Pencereden başımı çıkarıp içime çektiğim derin soluğun, gözümü kapatınca tenime dokunan havanın, seslerin, bulutların, birbirinin gölgesinde gezinen yaprakların kendi halleri içinde, olanca endamlarıyla kendimi iyi hissetmem gerektiğini fısıldayan bir sesi var sanki. Oysa sık sık düşünmekten kendimi alıkoyamıyorum; yavaşça öldüren bir zehir gibi yaşam.
Ne var ki yaşamak için iyimserlik gerek.
Eskiler nikbin demiş. Kötümsere bedbin, uzağı görene dürbün. Kendimi nedensiz, sorgusuz, karşılıksız iyi hissettiren havaları düşünürken geçti aklımdan bunlar. Bazı pusarık havalarda yalnızlığıma özdeşlik kurarım. Ama sırasını savan her cemre, artık bize bıraktığı seçimlerle ilkyazı getirir.

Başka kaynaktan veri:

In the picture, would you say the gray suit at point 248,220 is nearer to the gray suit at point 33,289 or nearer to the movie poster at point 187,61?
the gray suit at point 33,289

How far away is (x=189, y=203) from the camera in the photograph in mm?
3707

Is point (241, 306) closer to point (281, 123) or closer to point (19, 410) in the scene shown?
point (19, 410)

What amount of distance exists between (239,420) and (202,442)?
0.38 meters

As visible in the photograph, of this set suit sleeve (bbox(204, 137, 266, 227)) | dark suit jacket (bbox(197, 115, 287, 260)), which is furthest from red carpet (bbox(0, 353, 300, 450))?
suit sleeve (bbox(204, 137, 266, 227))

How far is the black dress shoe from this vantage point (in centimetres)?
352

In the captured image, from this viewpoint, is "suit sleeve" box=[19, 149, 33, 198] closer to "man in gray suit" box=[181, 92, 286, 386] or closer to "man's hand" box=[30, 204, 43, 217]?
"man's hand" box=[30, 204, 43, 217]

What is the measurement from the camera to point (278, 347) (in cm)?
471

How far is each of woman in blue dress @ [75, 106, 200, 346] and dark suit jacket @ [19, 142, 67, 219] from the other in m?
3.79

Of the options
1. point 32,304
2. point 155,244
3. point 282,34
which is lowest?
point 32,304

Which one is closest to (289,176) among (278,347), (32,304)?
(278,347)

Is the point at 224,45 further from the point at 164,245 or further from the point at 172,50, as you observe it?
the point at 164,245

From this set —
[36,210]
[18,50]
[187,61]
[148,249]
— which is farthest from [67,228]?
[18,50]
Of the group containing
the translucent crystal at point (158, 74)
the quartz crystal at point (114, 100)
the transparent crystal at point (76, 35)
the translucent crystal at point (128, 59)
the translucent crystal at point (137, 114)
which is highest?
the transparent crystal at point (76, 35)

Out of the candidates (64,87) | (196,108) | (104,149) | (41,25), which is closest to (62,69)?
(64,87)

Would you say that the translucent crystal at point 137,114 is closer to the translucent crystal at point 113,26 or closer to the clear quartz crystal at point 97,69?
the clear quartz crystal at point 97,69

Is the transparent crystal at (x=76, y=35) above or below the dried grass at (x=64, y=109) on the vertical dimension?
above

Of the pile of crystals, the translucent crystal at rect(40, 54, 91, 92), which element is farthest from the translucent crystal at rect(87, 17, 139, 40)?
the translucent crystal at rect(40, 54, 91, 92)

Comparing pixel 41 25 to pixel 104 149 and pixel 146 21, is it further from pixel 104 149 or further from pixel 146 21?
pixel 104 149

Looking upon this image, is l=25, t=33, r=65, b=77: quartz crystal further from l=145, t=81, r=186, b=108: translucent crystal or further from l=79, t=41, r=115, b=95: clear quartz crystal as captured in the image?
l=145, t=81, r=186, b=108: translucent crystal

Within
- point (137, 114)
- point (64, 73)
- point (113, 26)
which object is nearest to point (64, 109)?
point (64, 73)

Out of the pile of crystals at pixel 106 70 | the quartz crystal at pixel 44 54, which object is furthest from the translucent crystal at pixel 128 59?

Bir üşengeçlik, gevşeme hali içinde, zorunlulukların çevriminden bi gayret çıkmak isteriz. Bu havaların verdiği gönül hoşluğuyla kendimizden geçme duygusunun doğal bir haz olduğunda hemfikiriz. Eh kendimiz denilen biraz da bu yaban tasavvurdur.
Bu güzide havalar pek bir ismi üzerine alınmaz. Omuzda ceket havası diyeyim ben. Tasaların zihnimizde celallenmediği, birkaç düğmesi çözülen günlük dalaşın ortasında bir nefes aldırır bu gerçeküstü mevsim. Böylesi bir terennüm, yüreklerin sıkışıp, karardığı vakti bir tutulma anından sonrası gibi aydınlatan benzersiz bir duygunun telaşsız, vakur, arınmış dünyasına götürür.
Tanrıların insanla hiç ilgilenmediğinin açık bir kanıtıdır. Kovulmuş, cezalı bir yaratığın hak edeceği en son şeydir çünkü bu güzel hava. Pantheon’da mevsimin sahibi uyumaz, diğerleri uyur uyanık, olacakları bekler. Hep birlikte mevsimleri gözetir, Prometheus’un ateşi çalmasındaki cesaret ve hüner ile bazılarına hemen ortaklaşırız.
İlkyaz tanrısı ya kördür görmez insanlardaki hoşnutluğu, ya sarhoştur. Bakarsın halimize bakıp çelebi bir yoldaş olmaktan mutlu olur.
Tepişip, itişen insanlar; kimi konağını, kimi viranesini bırakıp ortaya dökülürler. Ayakları ile toprağa vurup ölülerini çağırırlar. İhtiyarlar en erken yetişir olacaklara, sınıfları boşaltır çocuklar.
Herkes güneş saati kullanmaya başlar. Kuşlar da az değildir hani, pencere kenarlarına konup, ötüşürler, durduk yerde uçmayı sokarlar aklına insanın. Tekmil tanrılar uyanmadan, zamandan kendin için ‘bir an’ koparabileceğin meyve ağacı olur ilkyaz..
Böyle bir havayı çok özlüyorum. Tek başıma içimdeki sorgucunun tutsağıyım. Karatahtalar, makineler, bitmeyen yolculuklar, hesaplar, doğrulamalar, sağlamalar ile dümdüz edip, kalan ömrüme kinlendiğim yerde; bezginliklerin, tekerlenmelerin, gevelenmelerin orta yerinde omuzuma dokunan eller olsun istiyorum. Güzden iyi pişmiş ekmek, ilkyazdan şarap, bir de kimsenin uzattığı el boş kalmasın, geri çevrilmesin istiyorum.